Proving that $\mathbb{R}^n \setminus K_r(0)$, $r>0$ is connected

Question

$\mathbb{R}^p \setminus K_r(0)$, $r>0$.

How can I show that $\mathbb{R}^p \setminus K_r(0)$ is connected, that is, it cannot be divided into two disjoint nonempty open sets? I tried assuming that it isn't connected and find a contradiction but I can't get any further.

$K_r(0)$ is the closed circle around $0$ with radius $r$.

I know that I can also show path connected instead.

Answer 1

For $n>2$ the $n-1$-sphere $S^{n-1}$ is connected and the map $$R^n\backslash K_r(0)\ \longrightarrow\ S^{n-1}:\ x\ \longmapsto\ \frac{x}{||x||},$$ is continuous and surjective.

Answer 2

It is actually easier to prove directly that your set is path-connected and then to deduce that it is connected.

In order to prove that it is path-connected, take two points $a$ and $b$ from your set.

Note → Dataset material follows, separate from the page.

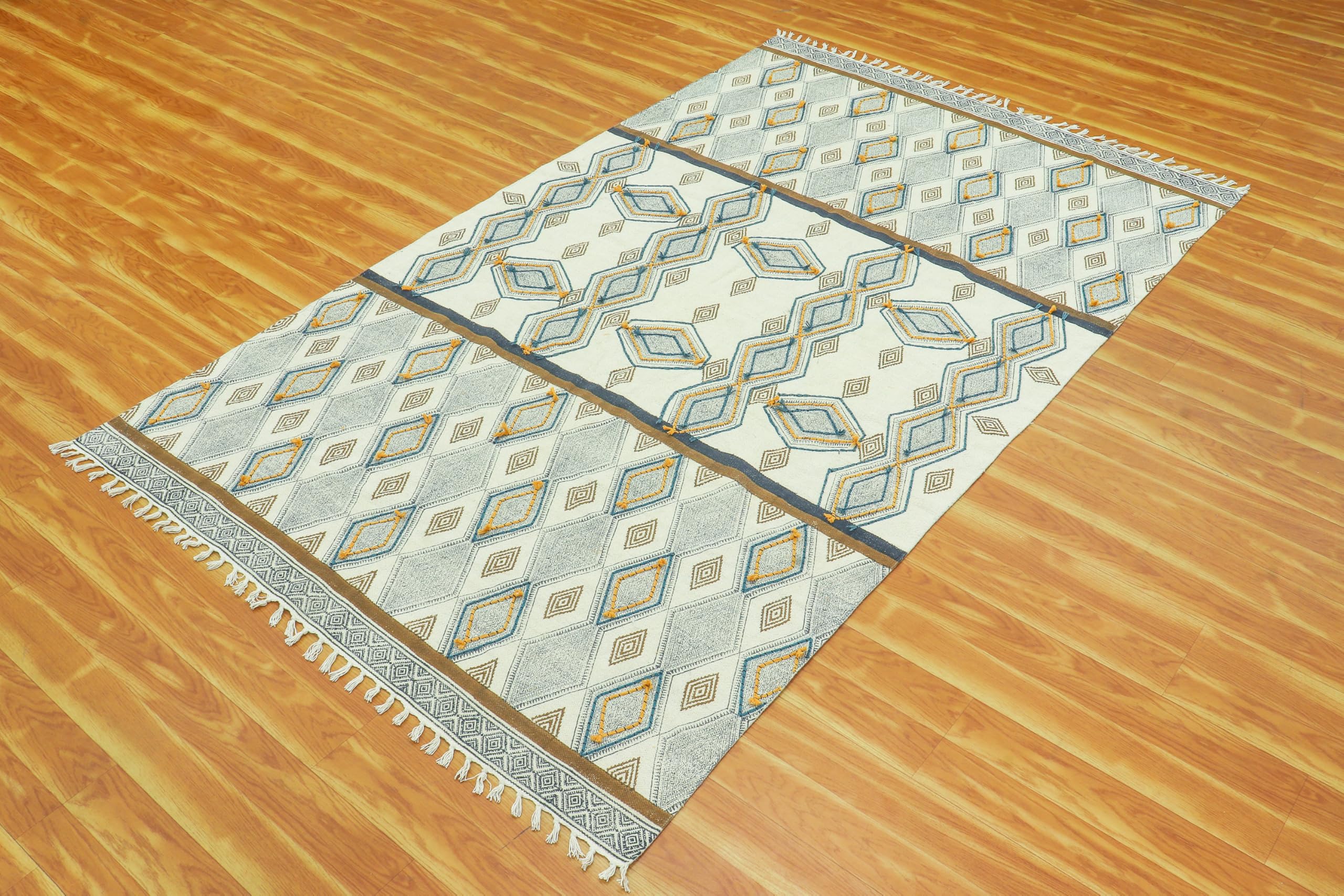 Kelim-Teppich, 3 m, quadratisch, matt, grau und beige, geometrisch, dick, 0,48 cm, Flachgewebe, handwaschbar, für drinnen und draußen, Baumwollteppiche für Flur, Esszimmer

Also, take a vector $v$ with norm $1$ which is orthgonal to the line passing through $a$ and $b$. Finally, considear a polygonal path as follows:

• At first, it goes (in a straight line) from $a$ to $a+2rv$;
• then, it goes (in a straight line) from $a+2rv$ to $b+2rv$;
• finally, it goes (still in a straight line) from $b+2rv$ to $b$.